Navigating Changes in Employer 401(k) Contributions

by : Scott Pape

While companies recognize the importance of retirement benefits in attracting and retaining employees, recent trends indicate a decrease in the generosity of 401(k) matching contributions. A report from the Society for Human Resource Management (SHRM) highlights that over 80% of employers consider retirement benefits crucial for workforce stability. However, the percentage of employers offering 401(k) matches has fallen from 85% in 2025 to 81% this year, with the average maximum employer match also declining. This shift suggests a recalibration of benefits strategies by employers to adapt to new workforce realities, as noted by SHRM's director of commercial research, Ragan Decker.

Despite the reduction in employer matches, financial experts advise employees not to panic, but rather to adjust their personal contribution rates to compensate for any gaps. Jeff Judge, a financial planner, suggests that employees should first aim to maximize the employer match available, then incrementally increase their own salary deferral to maintain their overall savings rate. Data from Vanguard shows that Americans saved an average of 7.6% of their paychecks in employer-sponsored retirement plans last year, with nearly half increasing their contributions. Financial planner Zaneilia Harris further emphasizes that an employer match should be viewed as a bonus, with the primary focus remaining on personal contributions to retirement plans.

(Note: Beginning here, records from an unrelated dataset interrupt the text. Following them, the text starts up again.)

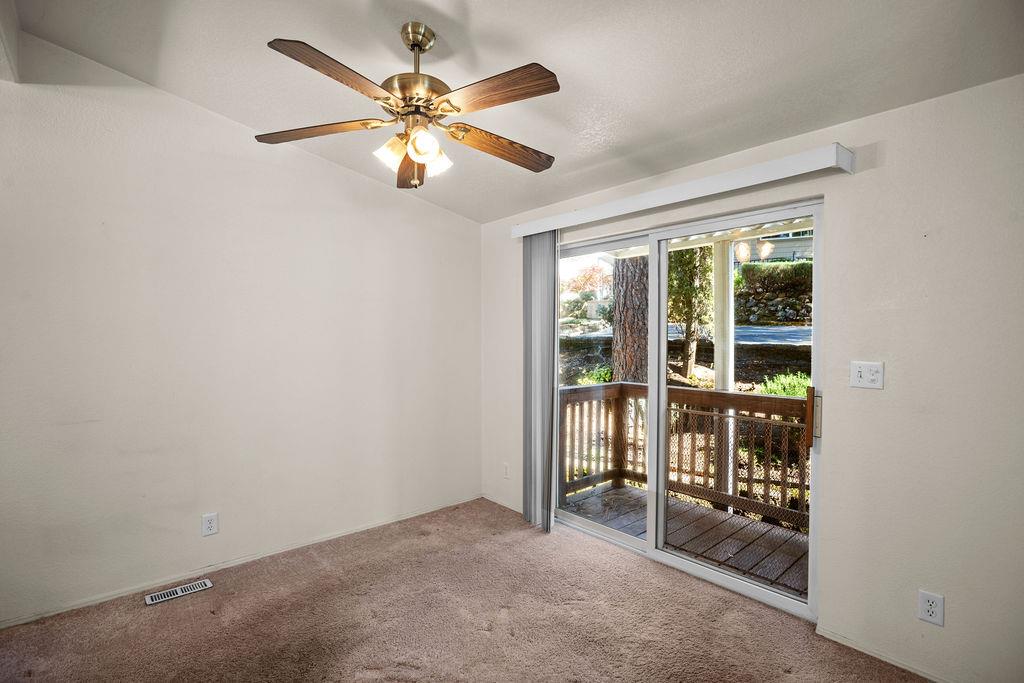 1281 Pleasant Valley Road, Unit 44 Diamond Springs, CA 95619 - Photo 10 of 29 an empty room with chandelier fan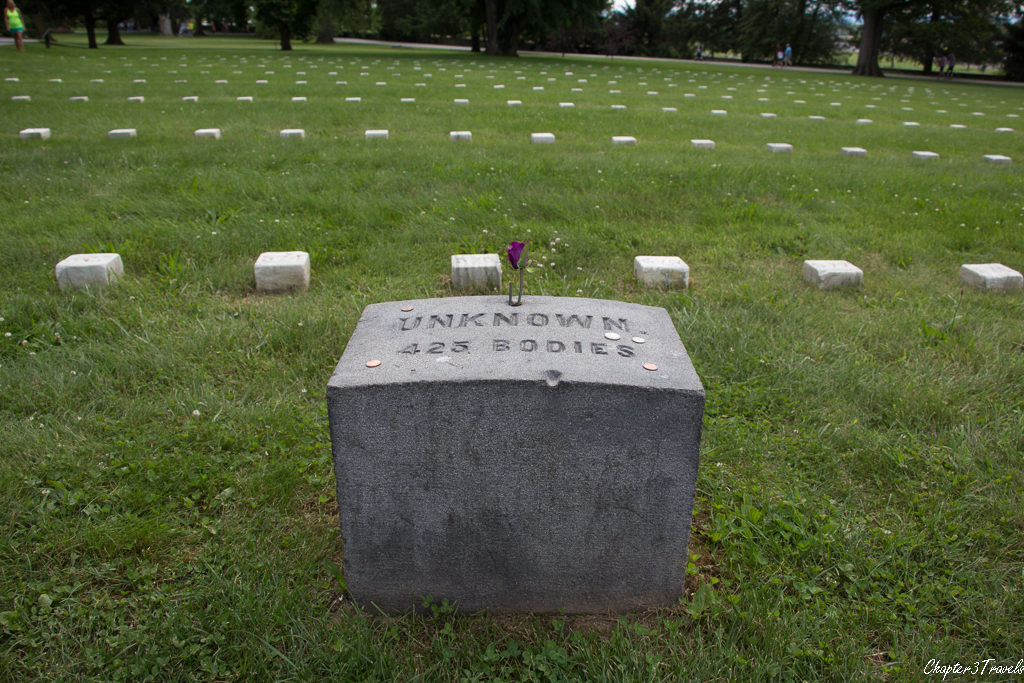 Plaque and grave markers at Soldiers National Cemetery in Gettysburg, Pennsylvania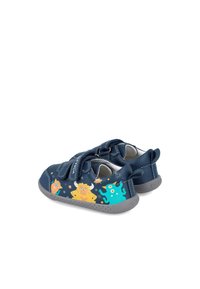 Zapatos de cuero azul con suelas grises, que presentan ilustraciones de monstruos en amarillo y verde. Incluyen tiras de Velcro para el cierre.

In addition to changes in 401(k) matches, employers are also tightening access to retirement funds through loans, with a notable drop in firms permitting such withdrawals. This comes at a time when more workers are taking hardship withdrawals, often to cover essential living costs like housing, medical expenses, or home repairs, indicating financial pressures. On a more positive note, other employee benefits are expanding, including paid family and parental leave, elder care services, 529 plan matches, and pet health insurance. Educational benefits, such as tuition assistance and student loan repayment, have also seen slight improvements. These enhanced benefits reflect employers' efforts to compete for talent in a challenging recruitment landscape, where better benefits and perks are key motivators for workers considering new job opportunities.

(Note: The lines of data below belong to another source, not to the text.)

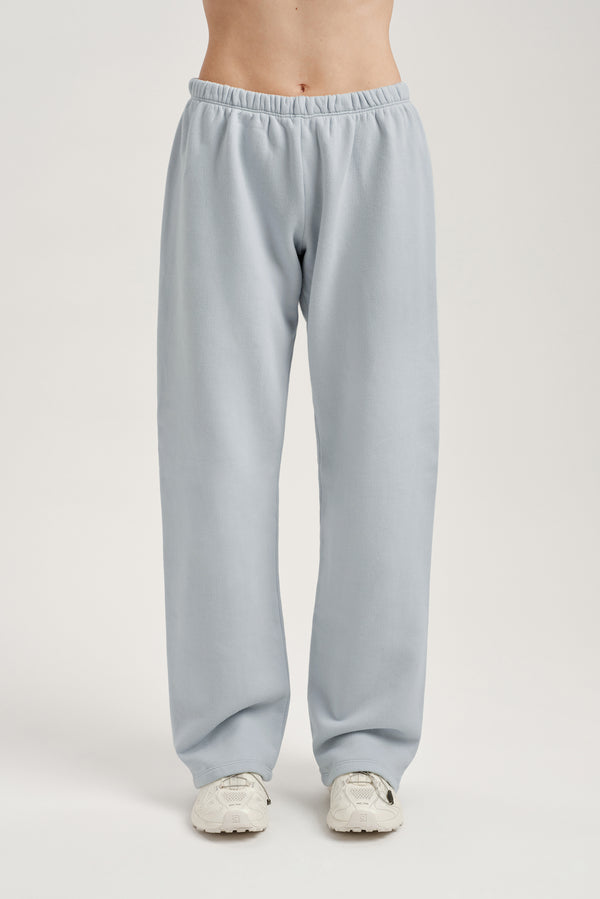Light blue sweatpants worn by a person on a white background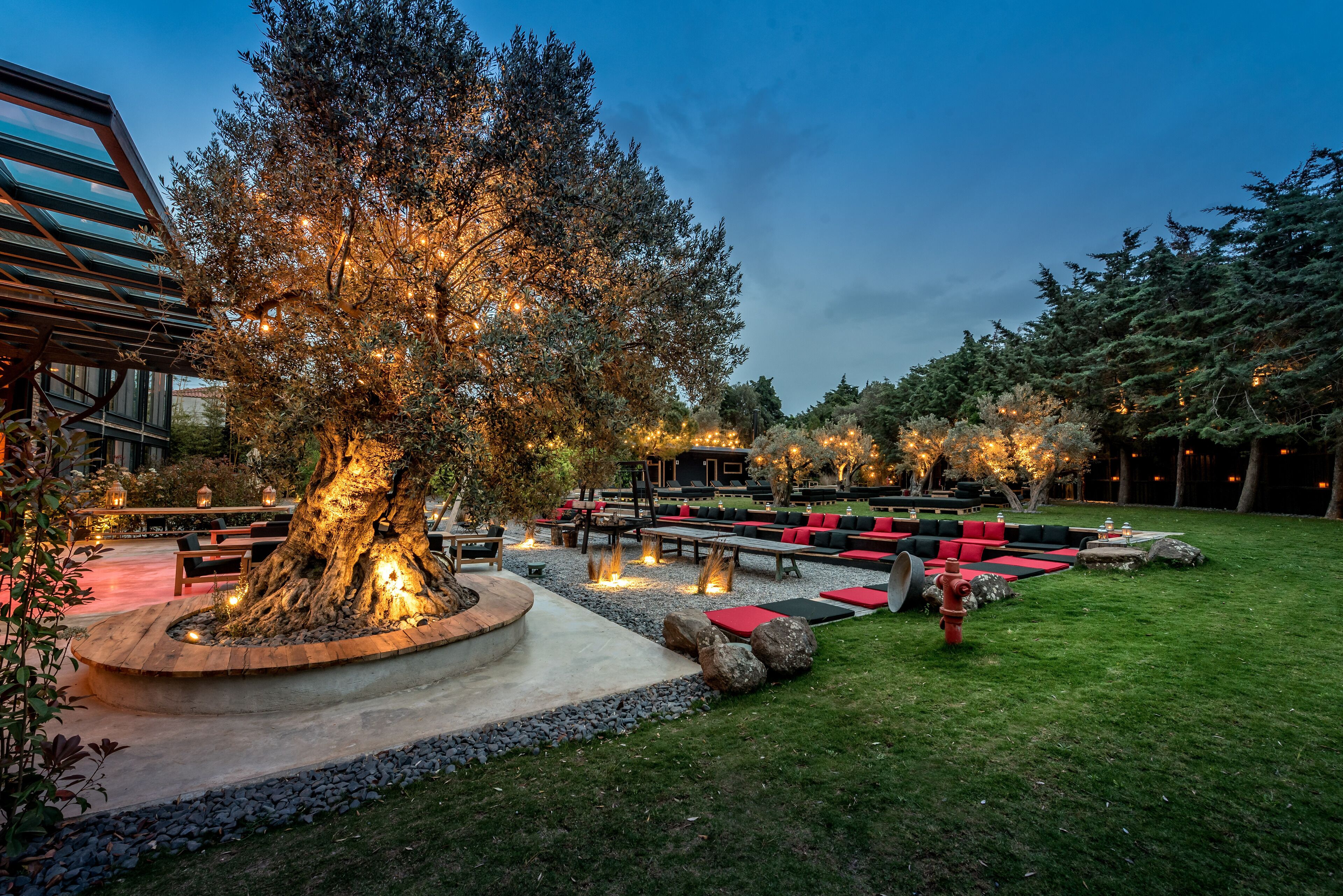 An outdoor seating area with round tables, benches, and a fire pit.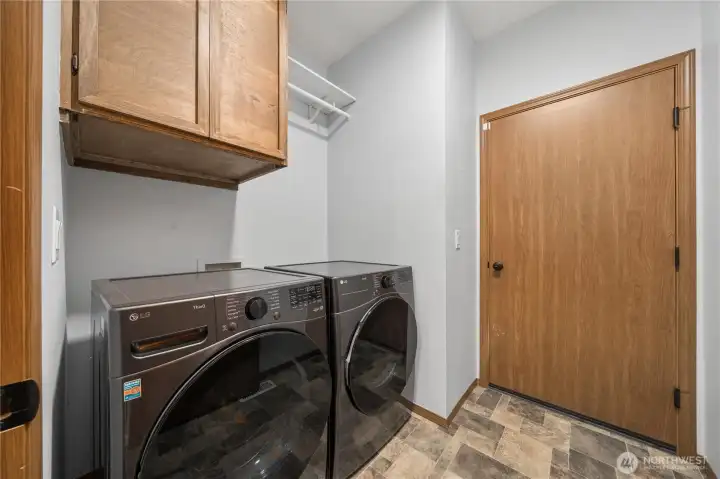 Laundry room/mud room off of the garage. Newer washer & dryer (2024)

These developments underscore a dynamic environment in employee benefits, where shifts in retirement contributions are balanced by growth in other areas. The evolving landscape calls for both employers and employees to be proactive and adaptable. Employers must continue to innovate their benefits packages to attract and retain skilled workers, while employees should take greater ownership of their financial future by maximizing personal savings and leveraging all available benefits. This shared responsibility fosters a resilient workforce and secures a more stable financial outlook for individuals.